My proposal is simple, and I'm posting it here because I'd like
comments and feedback before it actually gets implemented (it will
take a lot of time, I'm sure): mandate, in the UEFI specification,
that accessibility features for persons with disabilities must be
implemented and documented, and, if such features are not
implemented, then that vendor is not compliant with the
specification. Place strict minimum requirements for what the
accessibility features should do and how they should work.
So, first of all, I need to point out that what you suggest would be
very difficult for the UEFI Forum to mandate. *But* I don't think this
needs to be a problem.
UEFI primarily exists as a means through which interoperability can be
guaranteed. This means it does not tend to so much mandate what is
actually implemented in a platform, as it defines how it behaves if it
is. This is not 100% true, but suffice to say that mandating the
functionality you are asking for *without* having a reference
implementation available would likely simply be ignored.
If you want to turn thumbscrews, get Microsoft to add the requirement
to their windows logo requirements :)
However, as much as it is difficult to force people to develop this
support, if a functional reference implementation was published under
a permissive open source license, it would take a pretty spectacularly
incompetent product owner not to incorporate it in their products.
Now, I'm sure someone out there will ask me how this can be
done. Well, that's why I've joined the group -- though as I
familiarize myself with EDK2 development and all that I may actually
be able to participate as more than just an accessibility expert, of
I have added Rafael Machado on cc. He did a PhD on firmware
accessibility, including a prototype implementing an audio driver for
EDK2. The resulting thesis can be found athttps://arxiv.org/abs/1712.03186
As a side note, I have been blind all my life. I was born with
retinopathy of prematurity (ROP), which resulted because I was born
at 26 weeks. My retina was detached, and, though the doctors
attempted to fix it, it would not remain attached, and there is no
chance of it getting fixed now. I would neither want nor care for
such a cure, however. I have lived my entire life blind, and while
the thought of gaining site back is appealing, I am unwilling to go
through the years and years of rewiring and reconditioning of my
brain that would be required for me to survive with site. To me, it
is simply not worth the cost.
But back to the discussion at hand: I would be happy to discuss how
the accessibility features would work and what would be
required. Even standardizing, through the specification, a key
combination to toggle the accessibility features would be nice, as
that would alleviate the major problem of a blind person buying a
new computer and not knowing how to enable the accessibility
features. The overarching goal would be to make the preboot
environment (including applications run within it) accessible and
usable by blind and visually impaired people as a boot service
Yes, I agree, operating systems are already doing their things.

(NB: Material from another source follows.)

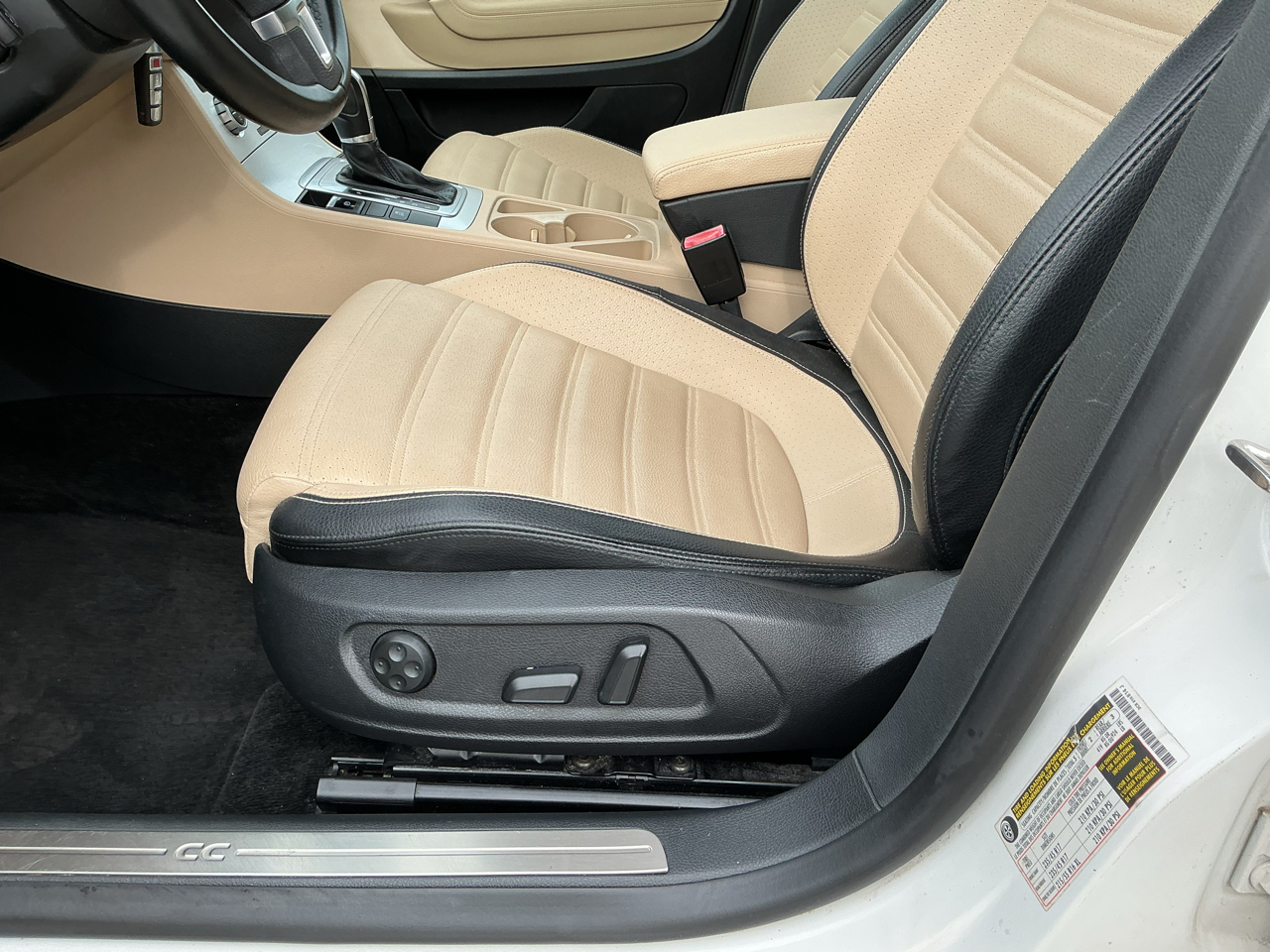 Volkswagen CC Sport w/Lighting Package 2013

Again, mandating such a key combination is not necessarily something
that the UEFI specification can do. Some devices won't necessarily
have a keyboard.
Some things the UEFI specification could do is:
- Add protocols for Audio output (and possibly input) and talking to
- Add audio hooks for the Human Interaction Interface subsystem (HII).
EDK2 could then start adding device drivers producing these protocols,
and enable the support for some reference platforms.
Would we need any specific support for things like refreshable braille
It would be superfluous to make this a runtime service, as all
major OSes already have accessibility features. Plus, managing such
a thing would be impossible to do.
This email has gotten quite long, so I will suspend the discussion
of functionality and how I would like it to work for a future email
once everyone has gotten on board.
Thank you for your time and consideration.